Trois hivers à Genève, extrait
le camp des innocents, extrait de l'ouvrage collectif.
la nouvelle de Fama Digane Sene, "Trois hivers à Genève"
le début de l'histoire
A la mémoire de Maam Fatou et Maam Doudou Bâ.
La Tribune de Genève. Le 06 juin 2005
Mort chez lui, il attend sa tombe depuis 500 jours
Acacias - Les policiers ont découvert un squelette, passé entre les mailles du système social.
Révélation.
"Ils sont trois dans ce long couloir triste, situé au sixième étage d'un immeuble des Acacias. Trois employés d'une entreprise de nettoyage en train de revêtir leur blanc de travail. Combinaisons intégrales, visages encagoulés, bouche et nez recouverts d'un masque. Les mines sont fermées et sombres. A chaque fois que l'un deux franchit le seuil de l'appartement qui lui fait face, il lâche un juron pour se donner du courage, avant de refermer la porte derrière lui. L'espace à vider tient en une seule pièce, dont le volume l'apparente davantage à un placard qu'à un studio. Sur un meuble, trône une télévision ; sa taille paraît comme surdimensionnée dans ce décor confiné où règnent un capharnaüm et une saleté indescriptibles (...). C’est là, sur ce sommier, que reposait le corps, les membres inférieurs tombant par terre, le tronc et la tête couchés. Les chairs avaient depuis longtemps disparu (…) Dix-huit mois, deux Noëls, deux printemps et presque deux étés, pendant lesquels un ressortissant suisse de 56 ans était mort chez lui, sans que la société ne se soucie de savoir s'il était encore vivant."

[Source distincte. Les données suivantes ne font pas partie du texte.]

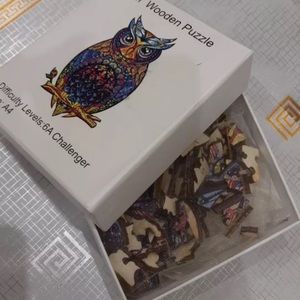 Owl wooden puzzle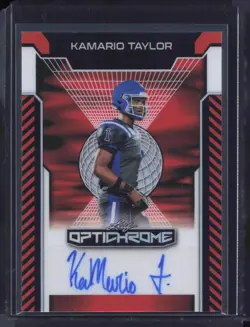 2025 Leaf Optichrome KaMario Taylor Red Auto /2 Mississippi State - Image 1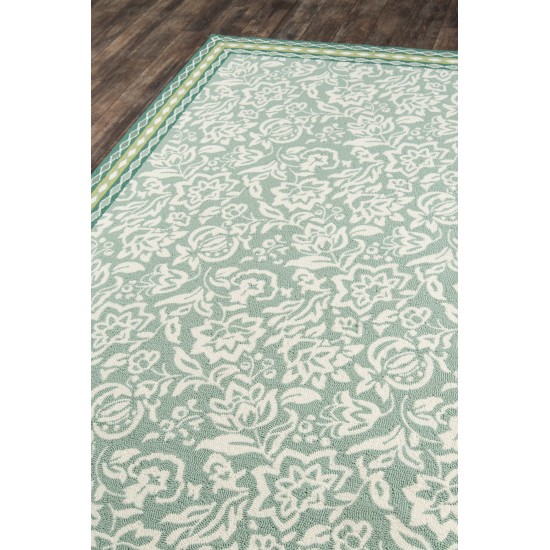 Rug, Madcap Cottage, Under A Loggia, UND-2, Green, 2'3" X 8' Runner, 43222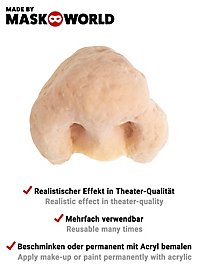 Zwergennase Latexapplikation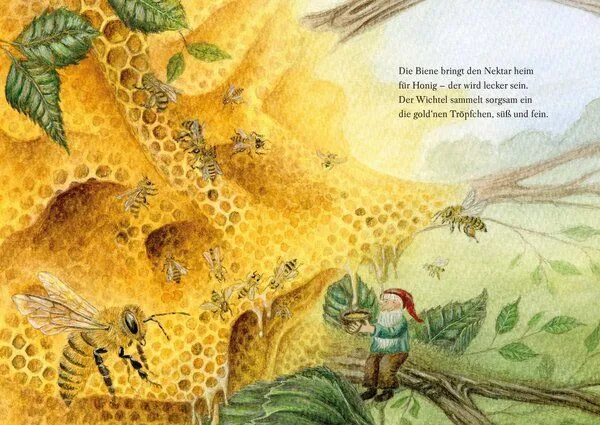 WachsMalBlöckchen WachsMalBlöckchen Es wird Sommer im Wichtelwald - Pappbilderbuch – Produktbild 3 von 3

Cela se passait à Genève. 185,000 habitants. Carrefour international des fortunes mondiales, entre les Alpes et le Jura. La ville, perchée à 373 mètres d’altitude, appartenait au canton du même nom, membre de la confédération suisse depuis 1814. Belle, allure royale du Léman, squares et promenades piétonnes dans un îlot de verdure et de fontaines coulant toute l'année, la cité plaisait. Ses armoiries, faites d’une aigle couronnée et de la clé de la liberté, flottaient sur les façades des bâtiments administratifs et sur tous les lieux du patrimoine. Elles représentaient les symboles de l'Empire auquel Genève avait été rattachée au XIe siècle, et de l'Evêque dont la ville tenait ses franchises. Liberté, foi et lumière, trois symboles qui m’accueillaient depuis trois hivers. Trois longs hivers durant lesquels j'avais vu les pires grêles paralyser la ville entière, les abords du lac et tous les artifices des Pâquis figés en un immense amas de givre. Les vagues de froid avaient été si austères cette année, les jours si courts, que tous, les lèvres fendillées comme des ailes de sarcelles, nous en avions perdu jusqu'à notre sens du rire. Puis le printemps était arrivé avec ses parfums de fleurs et ses airs de fête. Lundi 6 juin.
Comme presque tous les lundis matin depuis la mi-mai, malgré mes serments nocturnes, j’avais raté le tramway de 7 h 14. Dieu était pourtant témoin de mes efforts, je n'avais pas même pris mon café, me disant, pleine de bonne volonté, que j'en prendrais un, plus tard à la cafétéria de Battelle. Mais à l'instant même où je traversais la rue de Lausanne, j’aperçus le tram qui roulait à vive allure vers la gare Cornavin. C'était un des nouveaux cityrunners, modernes, silencieux, d'une rapidité et d'un design qui rappelait les TGV parisiens. L'arrêt était à un peu plus de 150 mètres mais il y avait bien longtemps que mes performances en course à pied étaient étouffées dans mes jambes d’enfant par la croyance populaire africaine selon laquelle une femme à la démarche rapide emporterait dans la vitesse de ses jambes, signe du diable, la prospérité de son ménage. J’étais éduquée à me prélasser. Un pied après l’autre, puis un pied, puis l’autre. La première image qui me venait d'ailleurs à l’esprit, chaque fois que je pensais à mon enfance, était celle de ma grand-mère, la gorge tremblante de remontrances, me demandant de modérer mon allure ! A cette époque, j'avais tout de même la fâcheuse habitude de me précipiter sur tout et rien, pour tout et rien.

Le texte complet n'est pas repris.